Boris Johnson’s foul-mouthed tirade at Ken Livingstone in a lift at the LBC studios has set a new low. By all accounts he called Ken a ‘f***ing liar’ several times in a lift following the Nick Ferrari show debate. Though it has been portrayed a ‘row’ in fact no one has accused Ken of any threatening or abusive behaviour. It sounds like a four-letter hectoring eruption and it is to Ken’s credit that he remained calm and did not react.
Both main candidates in this campaign are big characters who are going to say colourful, controversial things. And they are going to have robust criticisms of each other, some of which will be about style and personality as well as about policies. Politics can be a bruising business and there is no point pretending otherwise. But when things go beyond the robust to the highly personal and outright aggressive, there is a real risk of alienating the public from this most important of elections.
Boris Johnson’s four-letter tirade seems little different to the ‘you c**t’ attack by Guido Fawkes on a Labour activist, caught on camera just after the blogger and his colleagues crashed into a Ken Livingstone pledge launch at London Bridge, smashing up an LBC radio interview and causing a camerawoman to warn they had nearly broken her neck.
Nor is it an aberration. The Conservative campaign generally has gone ultra-negative. It puts massive emphasis on its ‘Not Ken Again’ website, bill-board poster campaign and print material, scaremongering about Bob Crow and creating a foul temper in the campaign.
There is no doubting the reason for that. If the election is about fares, police cuts and crime, housing and the record of the present mayor, he will lose. Livingstone’s Fare Deal fares cut has the Tories in a frenzy. However, that is not good enough.
If Boris Johnson is genuinely angry about what Ken Livingstone said on Nick Ferrari’s show, he should consider his actions. He, his campaign team, and his leading media-backers are daily targeting Ken Livingstone and his family in the most intrusive and vile terms. Only this weekend one newspaper published, for no apparent reason, the university attended by Ken’s older son – presumably to show there are no boundaries and nothing is off-limits.

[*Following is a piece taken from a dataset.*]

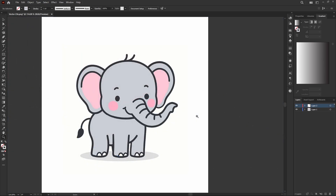At this point we have successfully removed all of the text from the image. By following the same steps, you can remove text from your image too. If your image is too complicated, I would suggest using Photoshop instead of Illustrator. If you found this video helpful, please leave a like and consider subscribing to my YouTube channel. See you in the next one!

It is now in danger of backfiring. Johnson’s image as an upbeat anti-politician who puts a smile on your face will go down in flames if this continues. No politician who unleashes foul-mouthed abuse on anyone is going to look good. But neither will the election process benefit – and that means Londoners won’t benefit. We all share a responsibility to deliver a civil, truthful campaign, with a strong emphasis on the issues of concern to the people of the city. So let’s cool it down – and that means you too, Boris.